=== Begin Enclosure ===

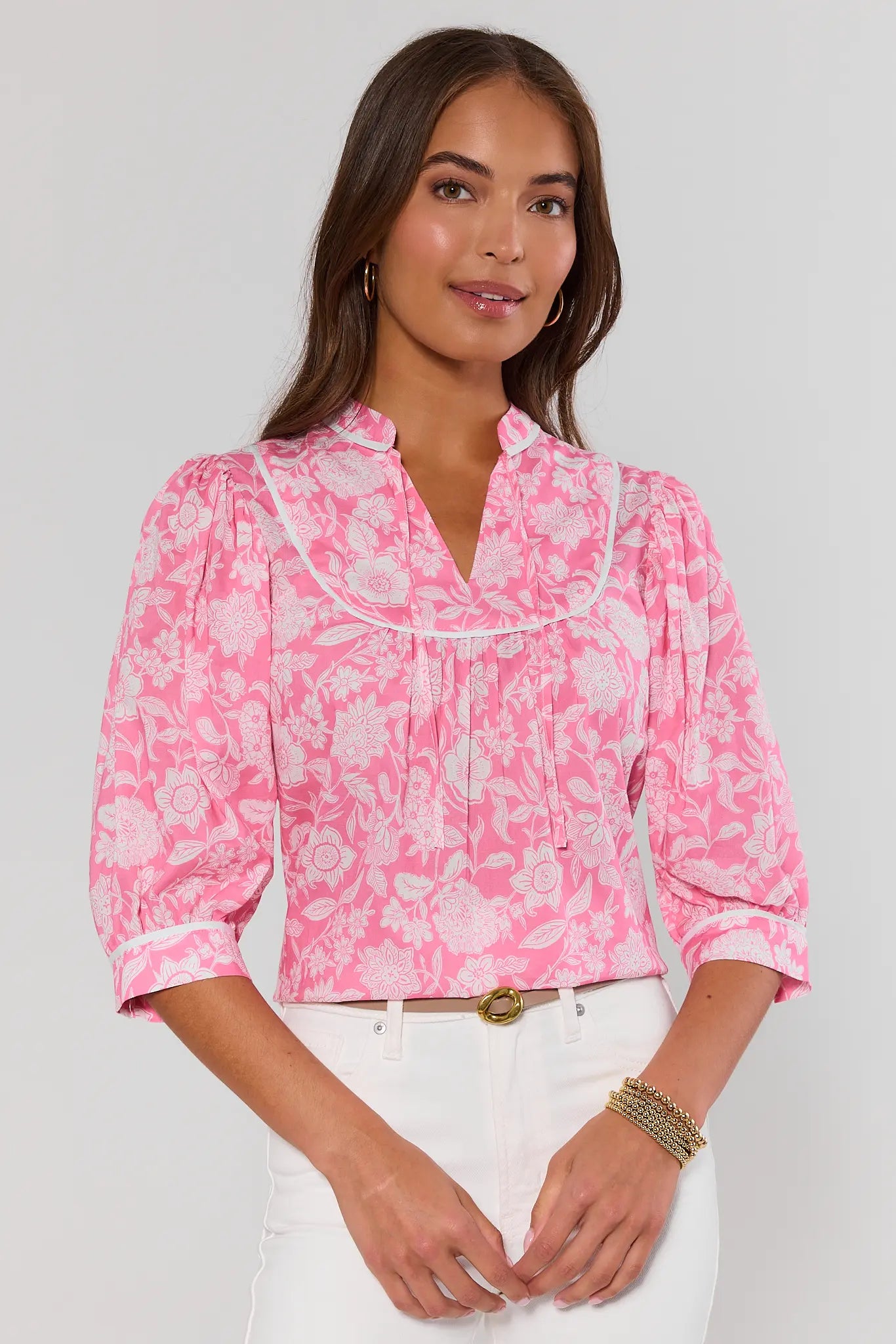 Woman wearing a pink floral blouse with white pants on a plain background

=== End Enclosure ===
=== Begin Enclosure ===

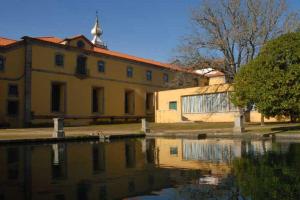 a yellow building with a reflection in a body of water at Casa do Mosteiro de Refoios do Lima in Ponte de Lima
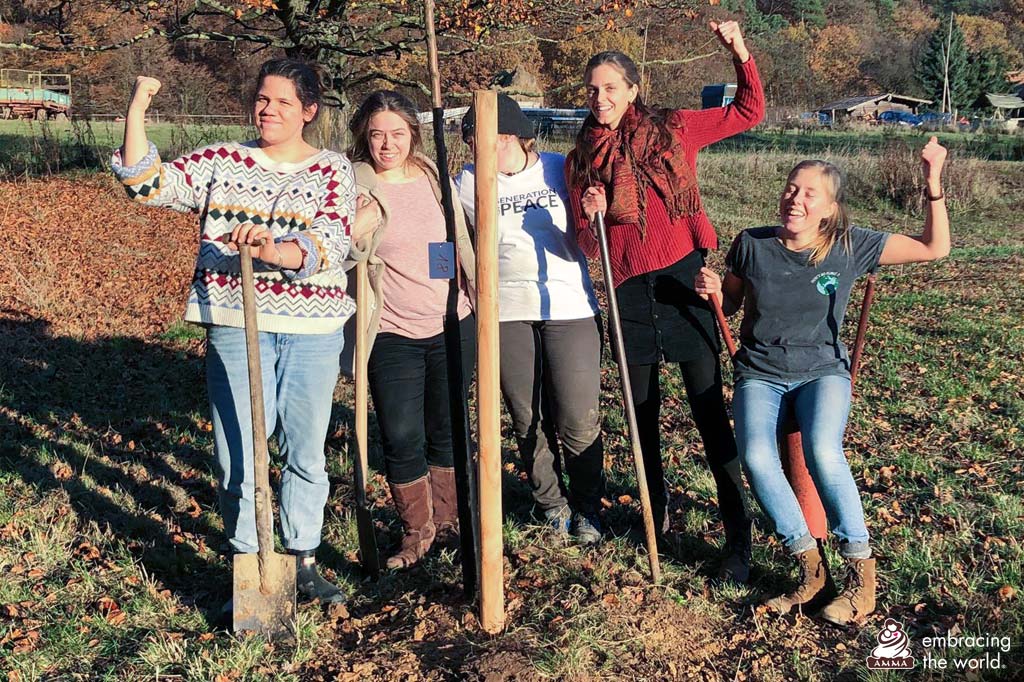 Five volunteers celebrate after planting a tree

=== End Enclosure ===
=== Begin Enclosure ===

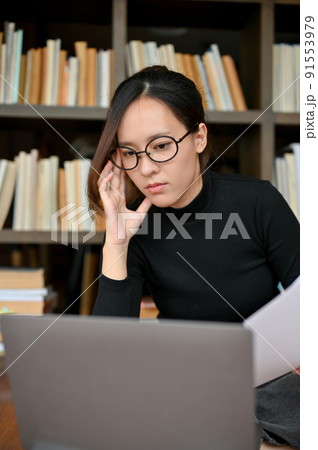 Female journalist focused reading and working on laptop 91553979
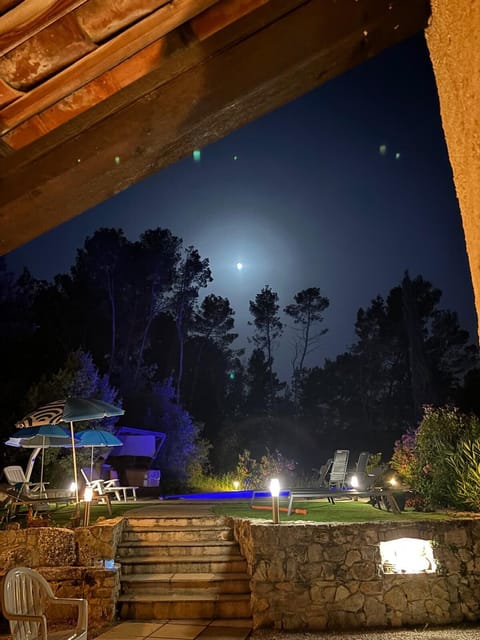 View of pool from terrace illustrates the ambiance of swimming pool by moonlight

=== End Enclosure ===

- **WORK TASK**:
Pictures in the entries do not go into the copy. Print only the lines starting at the one containing "Female journalist focused" and ending at the one containing "View of pool", exactly as they appear.

- **RESPONSE BOX**:
 Female journalist focused reading and working on laptop 91553979
 View of pool from terrace illustrates the ambiance of swimming pool by moonlight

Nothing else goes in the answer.